Yardbirds '68 is a double CD and LP record album by English rock group the Yardbirds.  Recorded in 1968 in New York City when the group was a quartet with guitarist Jimmy Page, it includes live performances and demos.  Page produced the album, which was released in November 2017 on his own record label.

Recording and release
The tracks were recorded during the Yardbirds' last American tour in 1968; the live recordings are from their performance at the Anderson Theater on 30 March and studio recordings are demos from sessions at Columbia Recording Studio in April.  Previously, the ten live tracks appeared on Live Yardbirds: Featuring Jimmy Page.  The album was issued by Epic Records in 1971, but was quickly withdrawn.  Most of the eight demos were included on the limited release Cumular Limit in 2000.

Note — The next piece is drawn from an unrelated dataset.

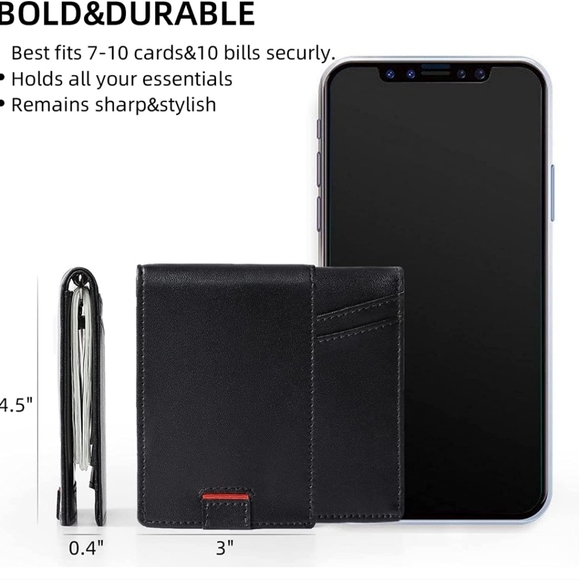 Slim Minimalist Money Clip for Men Wallet, Mini Bifold Pocket Wallet ID Window.. - Picture 3 of 8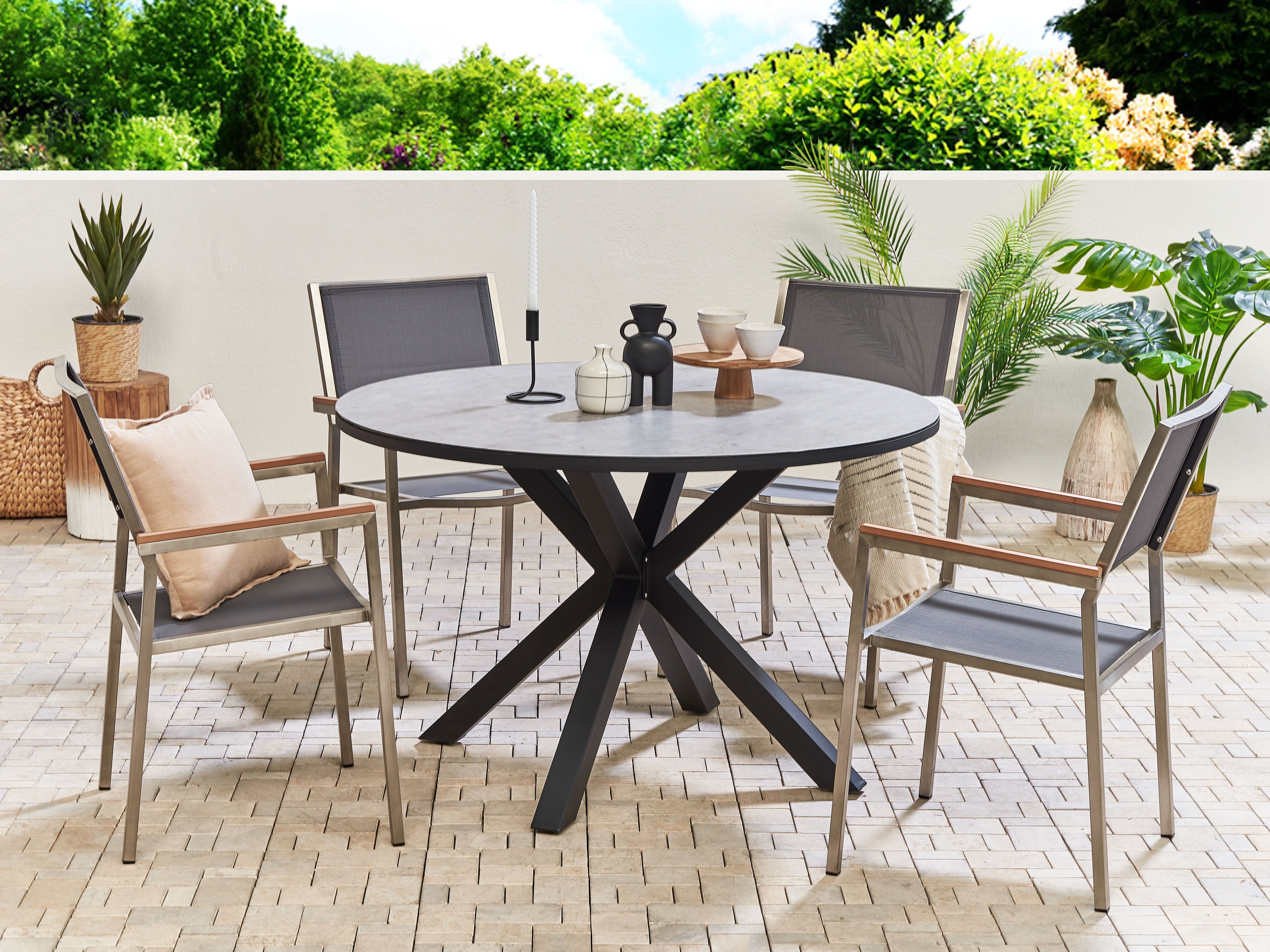 Garden Dining Table MALETTO 120 cm 120 cm Glass Grey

The live performance follows a typical Yardbirds' set list for the period and includes several of their best-known songs, including "The Train Kept A-Rollin'", "I'm a Man", "Shapes of Things", and "Over Under Sideways Down".  Ryan Reed of Rolling Stone noted that among the songs are three which carried over to Led Zeppelin: "Dazed and Confused", "White Summer", and "Knowing That I'm Losing You", which was later reworked as "Tangerine".

All three surviving members of the 1968 lineup (Jim McCarty, Chris Dreja and Jimmy Page) participated in preparing the album and issued a joint statement:

Critical reception
In a review for Classic Rock magazine, Ian Fortnam gave the album four out of five stars.  While he has favourable comments on some of the demos, he notes "the main attraction here is the live set" that includes Yardbirds' standards and "Dazed and Confused".  He adds that the audio has a brighter, cleaner sound than the 1971 Epic album; however, the song introductions and banter (provided by singer Keith Relf) have been unfortunately removed.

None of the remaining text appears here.